23. A marine propulsion unit comprising an engine adapted to drive an output shaft, the output shaft being drivingly engaged with a drive shaft, the drive shaft having a first end portion driven by the output shaft, a second end portion driving a propulsion device, a first elongate waist portion disposed between the first and second end portions, the waist portion being tapered along its length, and a second elongate waist portion disposed between the second end portion and the first waist portion, wherein the first and second waist portions are separated by a raised portion, and a diameter of said raised portion being greater than an average diameter of both of said first and second waist portion.

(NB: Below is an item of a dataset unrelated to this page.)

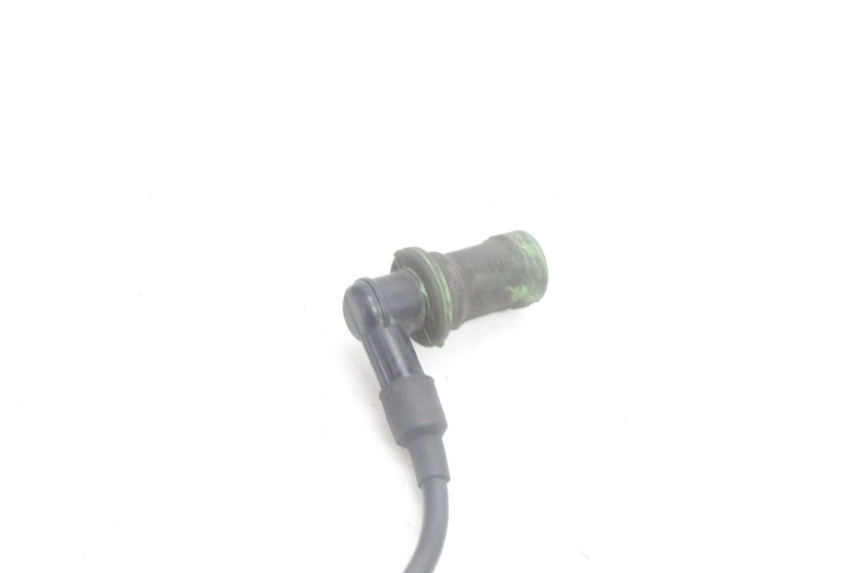 photo de BOBINE PEUGEOT SATELIS 125 (2006 - 2009) - Zoom état d’usage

18. A drive shaft for use in conjunction with a marine drive, the drive shaft comprising a first end portion adapted to be coupled to a crankshaft of an internal combustion engine, a second end portion adapted to drive a propulsion device, and an elongate waist portion disposed between the first and second end portions, the waist portion having a first end and a second end and being substantially continuously tapered from the first end to the second end so that a diameter of the waist portion at the first end is greater than a diameter of the waist portion at the second end, a length from the first end to the second end of the waist portion being greater than a length of either the first end portion or the second end portion of the drive shaft.
14. An outboard motor comprising an internal combustion engine adapted to drive a crankshaft, a drive shaft having a top portion, a bottom portion, and an elongate waist extending from the top portion to the bottom portion and connected to the top portion at a top end and connected to the bottom portion at a bottom end, the drive shaft top portion coupled to the crankshaft, the elongate waist being continuously tapered along its length so as to have a larger diameter at the top end than at the bottom end, said waist having an average diameter less than an average diameter of both the top and bottom portion, the drive shaft bottom portion driving a transmission, and an output shaft coupled to the transmission, the output shaft driving a propulsion device.
40. A marine drive comprising an engine having an output shaft, a propulsion device, and a torsion-distributing driveshaft having a first connecting portion configured to be coupled to the output shaft and a second connecting portion configured to drive the propulsion device, the driveshaft further comprising an elongate waist between the first and second portions, the waist having an average diameter less than an average diameter of both the first and second portions, and comprising means for distributing a torsional load so that a twist angle per unit length of the waist is generally consistent along the length of the waist when a torsional load is applied to the first connecting portion of the driveshaft and the second connecting portion is held generally in place.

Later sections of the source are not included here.